Hari pendidikan nasional ini harus menjadi refleksi bagi kita semua dalam memandang pendidikan di bangsa ini.

Ki Hajar Dewantara dalam semboyannya 'Ing ngarsa sung tulodho, ing madya mbangun karsa, tut wuri handayani', yang artinya "Di depan (guru) harus memberi contoh yang baik, di tengah-tengah (muridnya) harus menciptakan ide dan prakarsa, di belakang harus bisa memberi dorongan dan arahan).

BACA JUGA: Simak, Catatan Kritis dan Rekomendasi FSGI pada Momen Hardiknas 2021

Demikianlah seharusnya dingat dan dilakukan baik oleh orang tua, guru, dan teladan lainnya yang ada di masyarakat.

Sebelumnya, Kementerian Pendidikan dan Kebudayaan (Kemendikbud) masih terus merumuskan Peta Jalan Pendidikan Nasional 2020-2035 yang bakal didorong untuk menjadi peraturan presiden (Perpres).

BACA JUGA: Peringati Hardiknas 2021, Mas Nadiem Berbusana Khas NTT, Nih Penampakannya

Seperti yang sudah diejlaskan oleh Direktur Dikmen Diksus Direktur Guru dan Tenaga Kependidikan Pendidikan Menengah dan Pendidikan Khusus (GTK Dikmensus) Kemendikbud Yaswardi, bahwa peta jalan bakal menitikberatkan pada tiga aspek utama pendidikan yaitu kurikulum sebagai planning, pembelajaran sebagai do, dan yang ketiga asesmen.

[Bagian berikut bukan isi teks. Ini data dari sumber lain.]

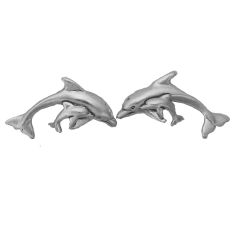 Dolphin with Calf Earrings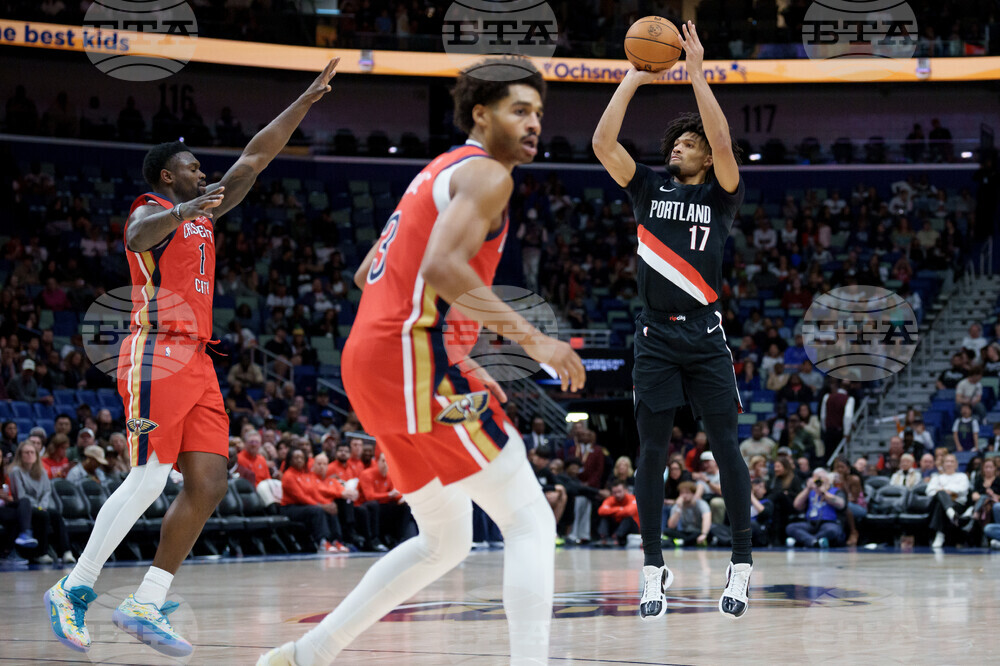 Trail Blazers Pelicans Basketball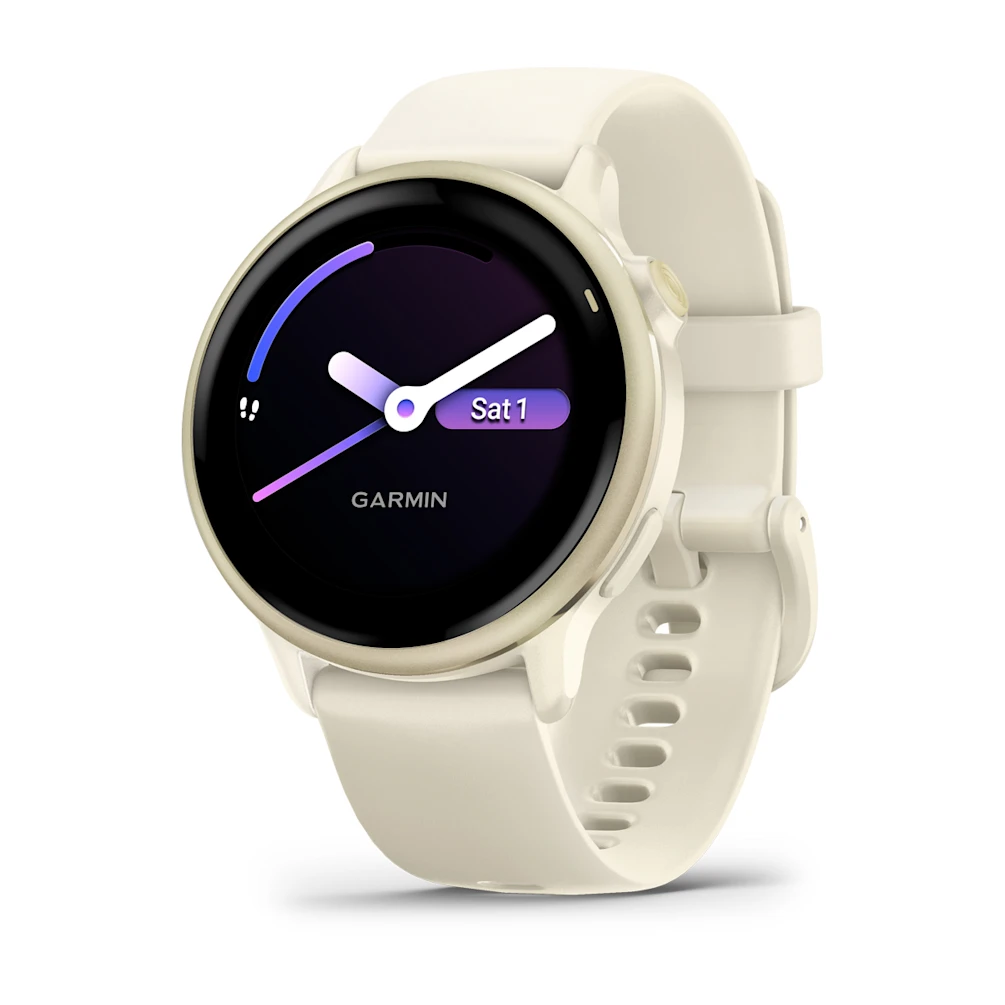 Garmin vívoactive® 6 Lunar Gold with Bone Band - Image 1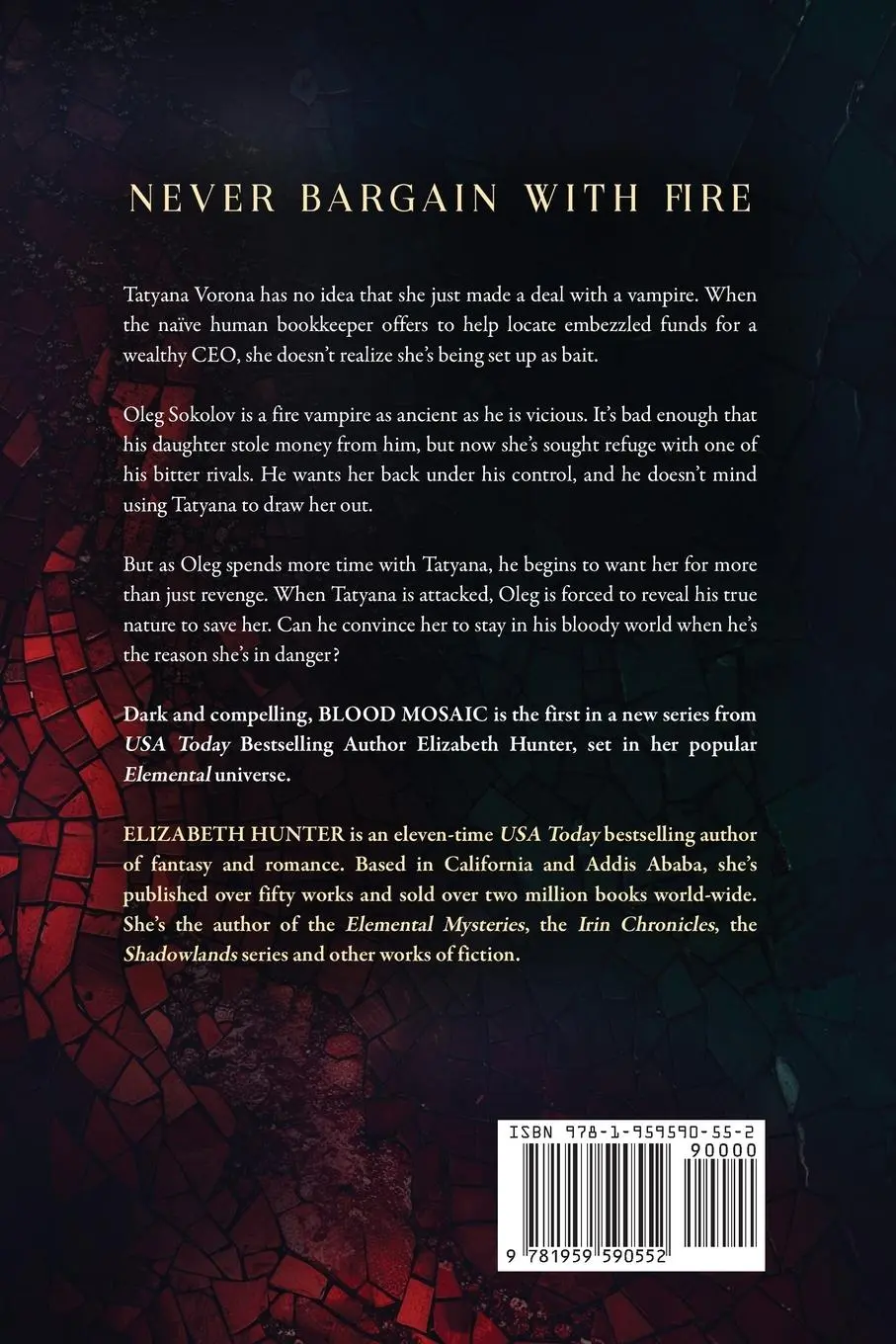 Rückseite: 9781959590552 | Blood Mosaic | A Vampire Fantasy Novel | Elizabeth Hunter | Buch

Kemendikbud menarget untuk menjadikan peta jalan itu sebagai peraturan presiden (Perpres). Hal ini supaya mempermudah cakupan koordinasi. Mengingat peta jalan tersebut bakal melibatkan sejumlah kementerian/lembaga.

Yaswardi tak luput menjelaskan bahwa ke depannya bakal mengedepankan basis teknologi informasi serta tak monoton.

Dalam peta jalan pendidikan juga bakal mendukung pembelajaran yang penuh dengan kreativitas. Dalam aspek kurikulum akan mengacu pada peta jalan pendidikan akan menyesuaikan diri dengan tahapan kebutuhan para murid.

Dirjen Guru dan Tenaga Kependidikan (GTK) Kemendikbud, Iwan Syahril mengaku pihaknya menargetkan untuk merampungkan Peta Jalan Pendidikan Nasional 2020-2035 pada Mei-Oktober 2021 mendatang dan kini tengah melakukan perbaikan pada naskah peta jalan tersebut.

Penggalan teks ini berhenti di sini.